* **About this exercise**: From the entries below, copy exactly the lines from the one that contains "Cup You ..." through the one that contains "fireplace with built", both included, and only those.

* **Supplied records**:
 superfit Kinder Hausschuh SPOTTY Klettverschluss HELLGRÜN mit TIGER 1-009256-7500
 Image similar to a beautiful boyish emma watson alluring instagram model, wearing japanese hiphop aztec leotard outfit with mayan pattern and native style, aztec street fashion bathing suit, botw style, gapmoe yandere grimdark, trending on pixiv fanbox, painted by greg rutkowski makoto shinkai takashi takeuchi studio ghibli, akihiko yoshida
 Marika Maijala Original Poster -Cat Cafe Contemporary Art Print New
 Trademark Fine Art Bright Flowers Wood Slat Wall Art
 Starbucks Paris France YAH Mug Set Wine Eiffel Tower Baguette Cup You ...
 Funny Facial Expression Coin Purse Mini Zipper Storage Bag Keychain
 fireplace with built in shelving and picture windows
==
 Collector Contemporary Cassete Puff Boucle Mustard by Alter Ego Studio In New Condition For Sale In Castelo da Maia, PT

* **Answer space**:
 Starbucks Paris France YAH Mug Set Wine Eiffel Tower Baguette Cup You ...
 Funny Facial Expression Coin Purse Mini Zipper Storage Bag Keychain
 fireplace with built in shelving and picture windows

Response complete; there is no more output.